Tyler Weaver is a 9-year-old boy who has participated in the summer reading contest at the library for the past five years. Tyler read 63 books during his six week summer vacation – and has read a total of 373 books in the last five years. He has won the library’s top reader contest every year since he was in kindergarten.

Tyler’s mother Katie was so proud of her son that she contacted a local newspaper to share his story.

The newspaper contacted the Hudson Falls Public Library for comment and found that the library director, Marie Gandron, didn’t share Katie’s enthusiasm over Tyler’s accomplishment.

Gandron wanted to change the rules to end the child’s winning streak. She reportedly said the boy “hogs” the contest and should “step aside” and give another child a chance to win. “Other kids quit because they can’t keep up,” Gandron said.

Instead of making it a competition, the director would like to pull the winner’s name out of a hat – an idea Casey called “ridiculous”. She called library board member Michael Herman to complain:

“My feeling is you work, you get it. That’s just the way it is in anything. My granddaughter started working on track in grade school and ended up being a national champ. Should she have backed off and said, ‘No, somebody else should win?’ I told her (Gandron), but she said it’s not a contest, it’s the reading club and everybody should get a chance,” Casey told the Post Star in an Aug. 15 article.

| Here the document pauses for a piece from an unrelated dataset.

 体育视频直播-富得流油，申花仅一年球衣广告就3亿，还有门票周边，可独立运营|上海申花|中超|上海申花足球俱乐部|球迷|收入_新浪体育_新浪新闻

To participate in the contest, children are required to read books at their grade level and take an librarian-administered quiz to ensure they actually read the books.

Casey said she would have spoken up about Gandron’s plans no matter what.

“The reason why I went to bat for him was that it doesn’t seem right. Everything in life you’ve got to work for it if you want it,” Casey said. “I don’t think he cares about the prizes. He just wants to read and he wants to know that he read the most,” she said.

“It wasn’t because it was Tyler. I had heard from someone else that she planned the change, and I said ‘That’s not right, you don’t penalize a child for reading,’” Casey said.

Tyler isn’t happy about the changes Gandron proposed either:

“She says for every ten books, you get to put your name on a slip,” Tyler told NEWS10. “But if some kid just reads ten books and wins it’s not fair. He didn’t put enough effort into it. How would it even be a contest if you just picked a name out of a hat?”

Charlie Koznick, host of The Koz Report, agrees:

And the pattern of the dumbing down of  our children continues. If you are good at something, you must be stopped. America’s “everyone gets a trophy” syndrome is leading to an ever-growing epidemic of narcissism and self-entitlement.

A conversation between two characters in the animated film The Incredibles comes to mind:

Dash: You always say ‘Do your best’, but you don’t really mean it. Why can’t I do the best that I can do?

Helen: Right now, honey, the world just wants us to fit in, and to fit in, we gotta be like everyone else.

Dash: But Dad always said our powers were nothing to be ashamed of, our powers made us special.

Helen: Everyone’s special, Dash.

Dash: [muttering] Which is another way of saying no one is.